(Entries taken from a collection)

_ _ _ _ _ _ _

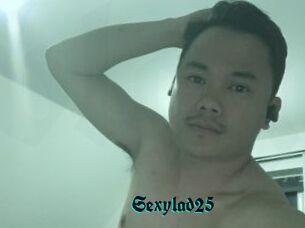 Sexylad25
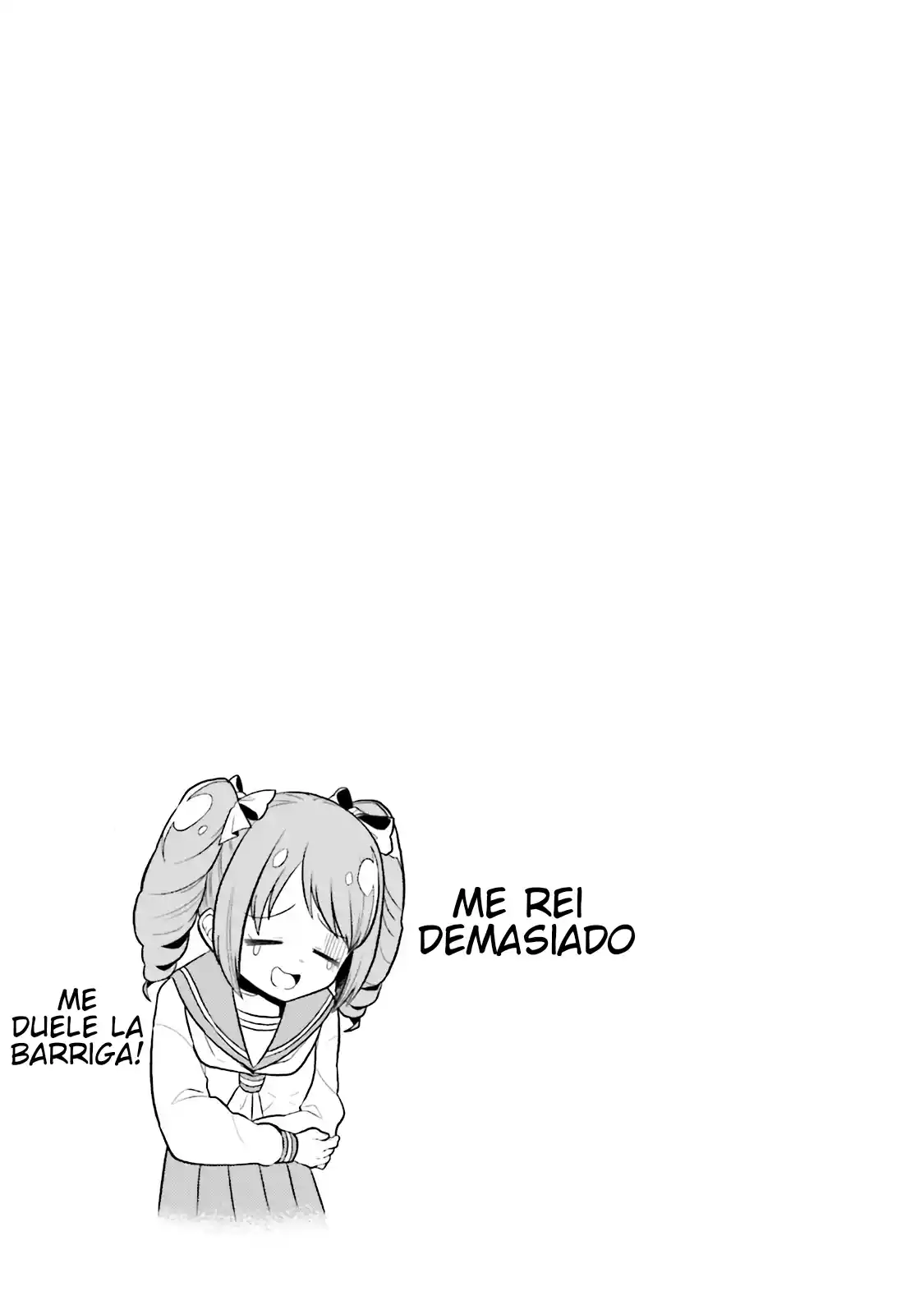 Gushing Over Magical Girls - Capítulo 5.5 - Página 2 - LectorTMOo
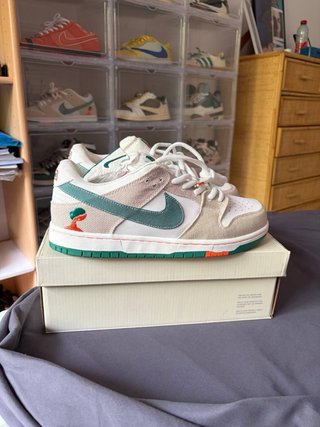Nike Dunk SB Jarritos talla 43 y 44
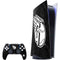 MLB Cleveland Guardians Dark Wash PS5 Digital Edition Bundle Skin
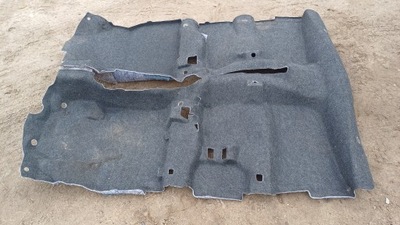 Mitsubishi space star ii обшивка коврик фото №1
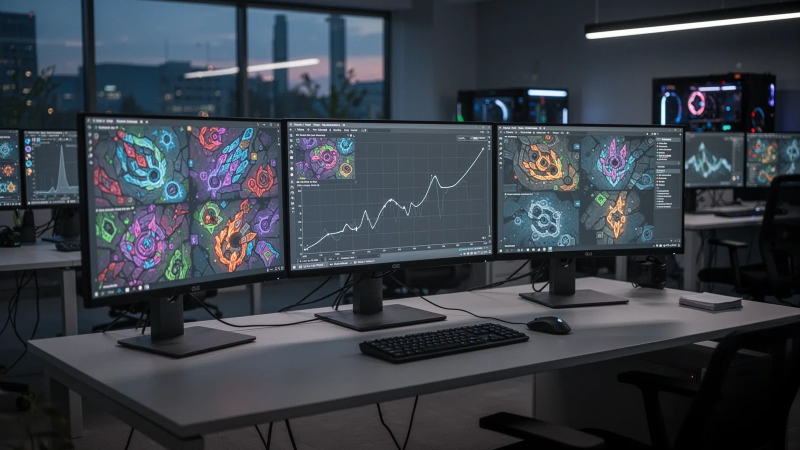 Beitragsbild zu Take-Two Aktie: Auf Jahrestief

_ _ _ _ _ _ _

__TASK DETAILS__: Transcribe the records above exactly, skipping pictures.

__WRITTEN SOLUTION__:
 Sexylad25
 Gushing Over Magical Girls - Capítulo 5.5 - Página 2 - LectorTMOo
Nike Dunk SB Jarritos talla 43 y 44
 MLB Cleveland Guardians Dark Wash PS5 Digital Edition Bundle Skin
 Mitsubishi space star ii обшивка коврик фото №1
 Beitragsbild zu Take-Two Aktie: Auf Jahrestief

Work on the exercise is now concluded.